> EXERCISE GOAL
Copy nothing but the text: reproduce each line of the listing exactly and leave the pictures out.

** Opening SOURCE RECORDS block **

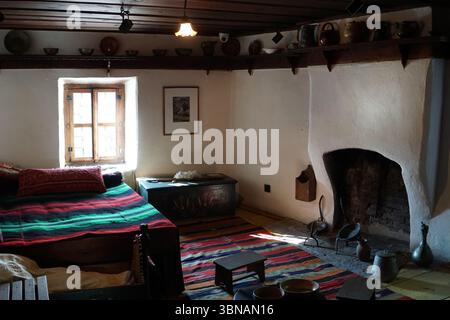 Bansko ist eine malerische Stadt im Südwesten Bulgariens, eingebettet am Fuße des Piringebirges. Ein gemütliches und rustikales Zimmer mit Kamin als zentrales Element. Der Kamin ist aus weißem Stuck gebaut und hat einen dunklen, möglicherweise Ziegelofen. Über dem Kamin befindet sich ein Holzregal mit verschiedenen Gegenständen, darunter mehrere dunkle Töpfe und Pfannen und einige dekorative Gegenstände. Der Raum wird durch eine einzelne Leuchte beleuchtet, die von der Decke hängt und ein warmes Licht auf die weißen Wände wirft. An einer Wand befindet sich ein Fenster mit Holzrahmen, sodass natürliches Licht in den Raum eindringen kann. Stockfoto
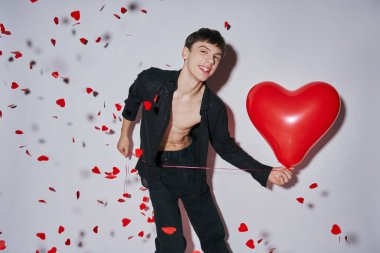 cheerful man in jeans and shirt holding red balloon near heart shaped confetti on grey background clipart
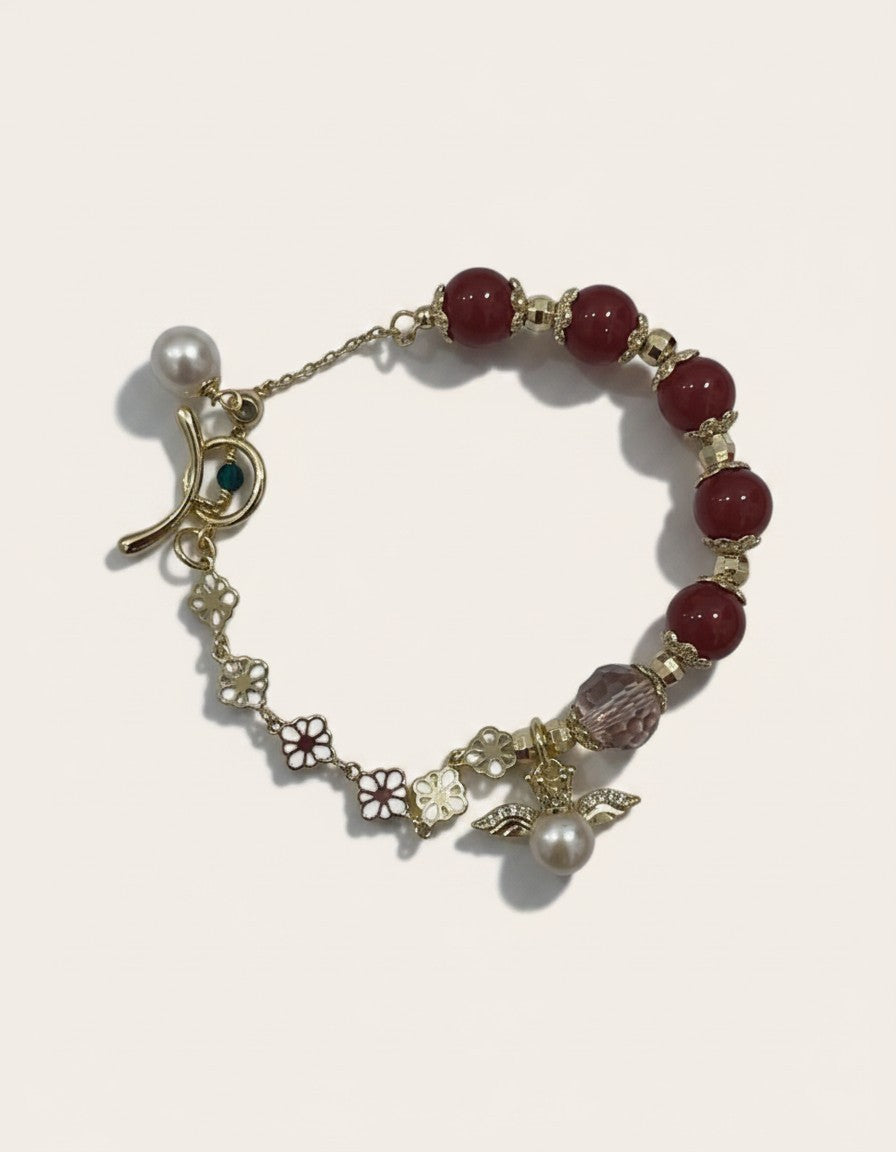 MuchieGold-tone bracelet with red agate beads, floral charms, and pearl angel charm.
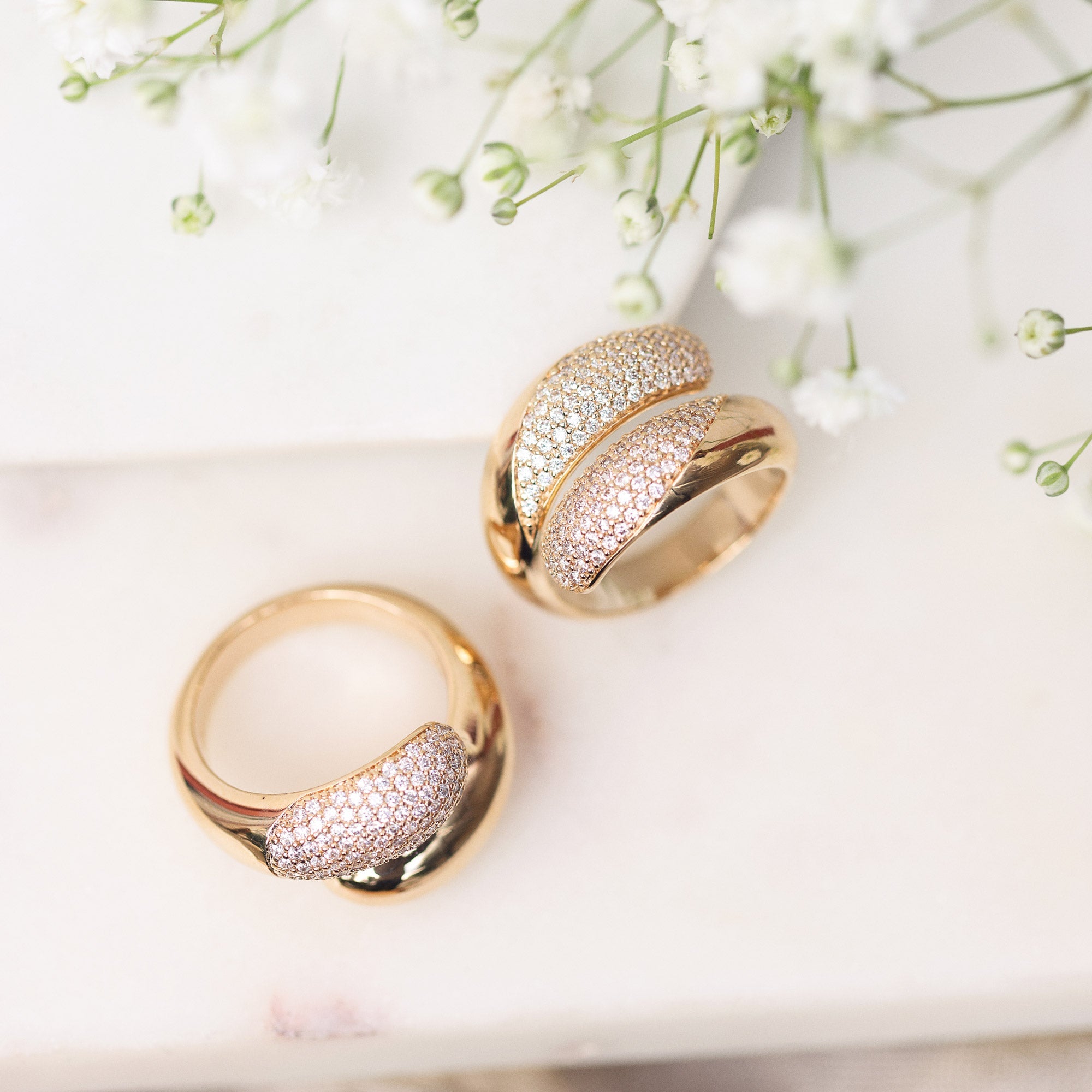 Bague dorée YOKO ZIRCONS - Bijou photographié sur marbre blanc avec petites fleurs blanches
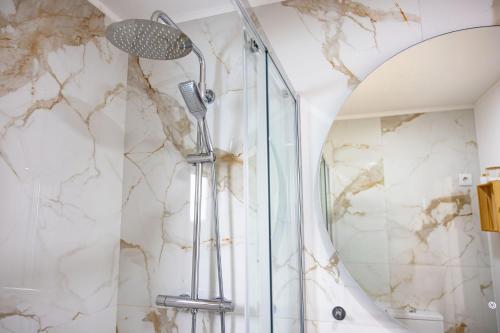 a shower in a bathroom with a marble wall at Casa d'Arcã in Alijó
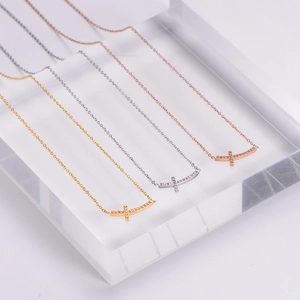 Three-color minimalist cross smile necklaces in gold, silver, and rose gold finishes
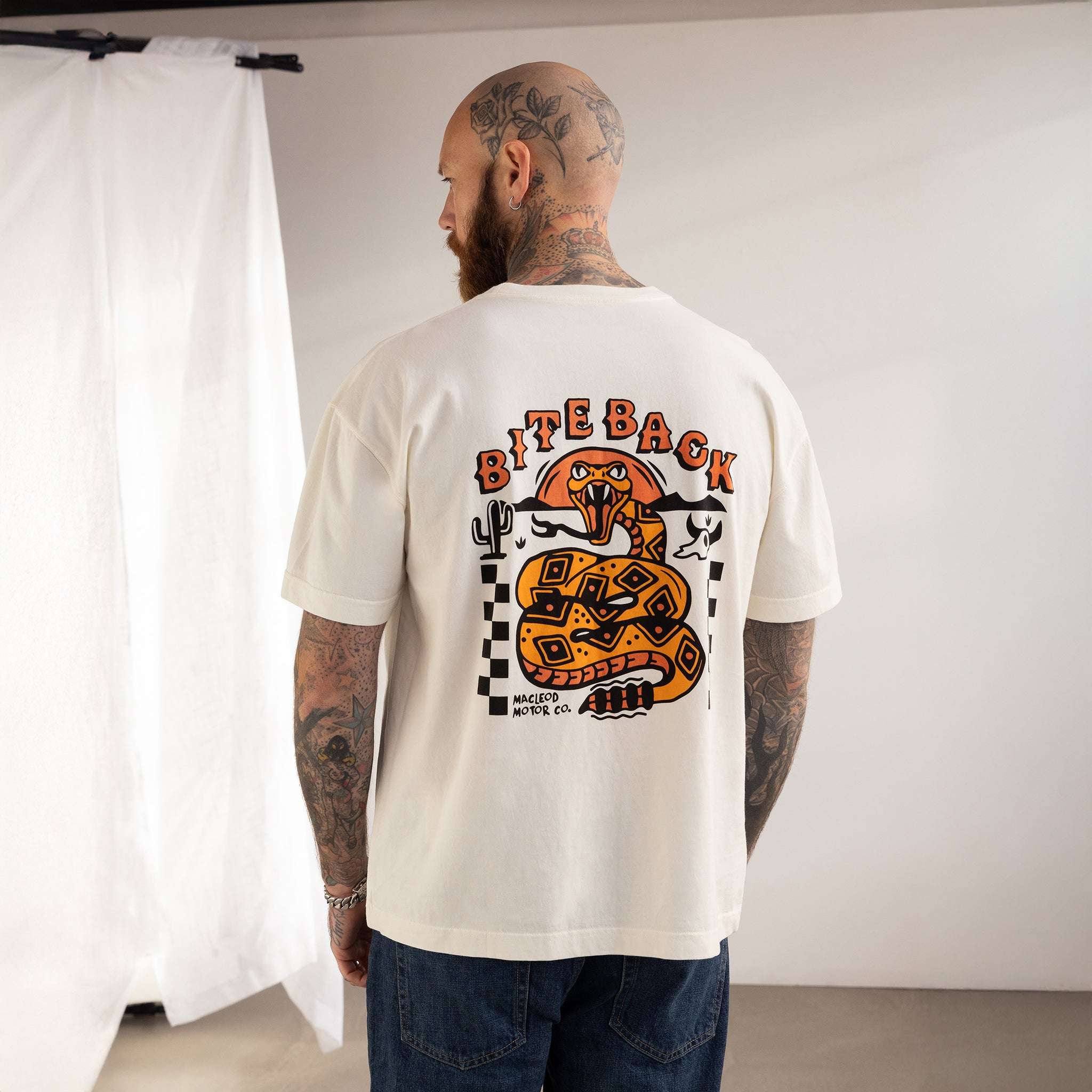 Man wearing a white t-shirt with a snake graphic and text on the back, standing against a plain wall.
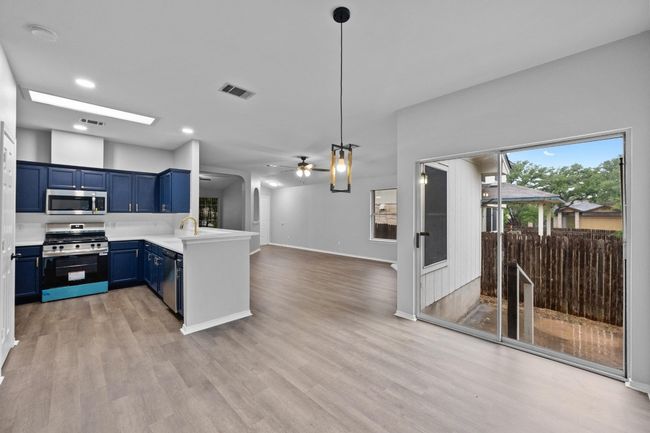 Kitchen featuring appliances with stainless steel finishes, blue cabinetry, a peninsula, ceiling fan, and light countertops | Image 10
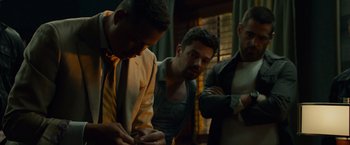 Movie still from “Dead Man Down” (2013), directed by Niels Arden Oplev – A group of men standing next to each other in a room; Medium shot, Low angle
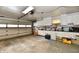 Spacious garage with ample storage cabinets, workbench, and large garage door at 2315 Cardinal Dr, Indianapolis, IN 46227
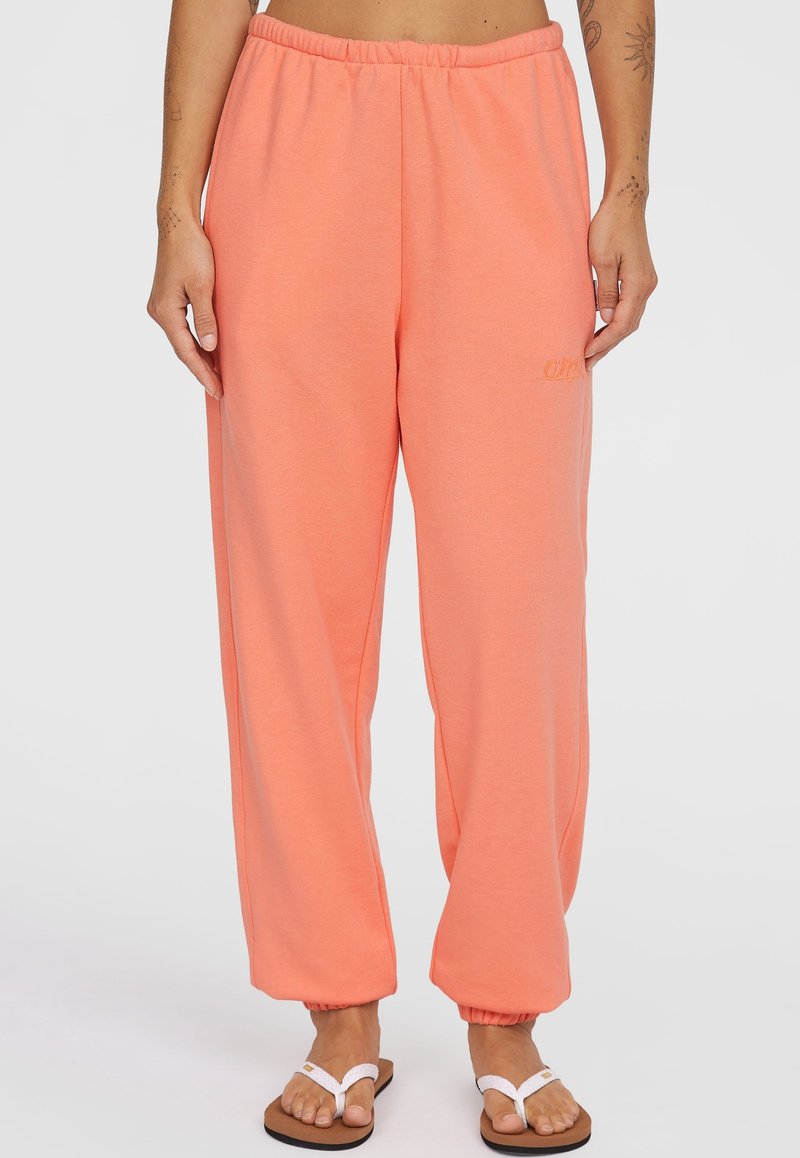 Perzikkleurige sweatpants van zacht materiaal, met een elastische tailleband en taps toelopende boorden. Subtiele logo-detail aan de voorkant.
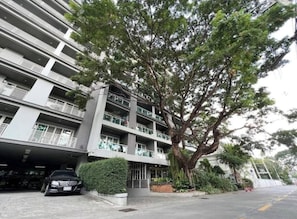 A multi-story building with balconies, a parking garage, and a large tree in front. - Stay Classy – Pool• Gym• Balcony (Chiang Mai)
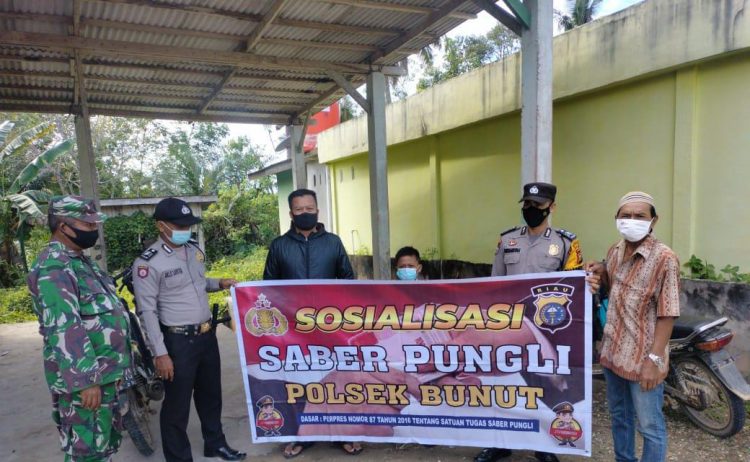 Polisi dan TNI Berantas Pungli di Wilkum Dengan Bersosialisasi Kepada Masyarakat Kecamatan Bunut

** Closing SOURCE RECORDS block **

> COMPLETED TASK
 Bansko ist eine malerische Stadt im Südwesten Bulgariens, eingebettet am Fuße des Piringebirges. Ein gemütliches und rustikales Zimmer mit Kamin als zentrales Element. Der Kamin ist aus weißem Stuck gebaut und hat einen dunklen, möglicherweise Ziegelofen. Über dem Kamin befindet sich ein Holzregal mit verschiedenen Gegenständen, darunter mehrere dunkle Töpfe und Pfannen und einige dekorative Gegenstände. Der Raum wird durch eine einzelne Leuchte beleuchtet, die von der Decke hängt und ein warmes Licht auf die weißen Wände wirft. An einer Wand befindet sich ein Fenster mit Holzrahmen, sodass natürliches Licht in den Raum eindringen kann. Stockfoto
 cheerful man in jeans and shirt holding red balloon near heart shaped confetti on grey background clipart
 MuchieGold-tone bracelet with red agate beads, floral charms, and pearl angel charm.
 Bague dorée YOKO ZIRCONS - Bijou photographié sur marbre blanc avec petites fleurs blanches
 a shower in a bathroom with a marble wall at Casa d'Arcã in Alijó
 Three-color minimalist cross smile necklaces in gold, silver, and rose gold finishes
 Man wearing a white t-shirt with a snake graphic and text on the back, standing against a plain wall.
 Kitchen featuring appliances with stainless steel finishes, blue cabinetry, a peninsula, ceiling fan, and light countertops | Image 10
 Movie still from “Dead Man Down” (2013), directed by Niels Arden Oplev – A group of men standing next to each other in a room; Medium shot, Low angle
 Spacious garage with ample storage cabinets, workbench, and large garage door at 2315 Cardinal Dr, Indianapolis, IN 46227
 Perzikkleurige sweatpants van zacht materiaal, met een elastische tailleband en taps toelopende boorden. Subtiele logo-detail aan de voorkant.
 A multi-story building with balconies, a parking garage, and a large tree in front. - Stay Classy – Pool• Gym• Balcony (Chiang Mai)
 Polisi dan TNI Berantas Pungli di Wilkum Dengan Bersosialisasi Kepada Masyarakat Kecamatan Bunut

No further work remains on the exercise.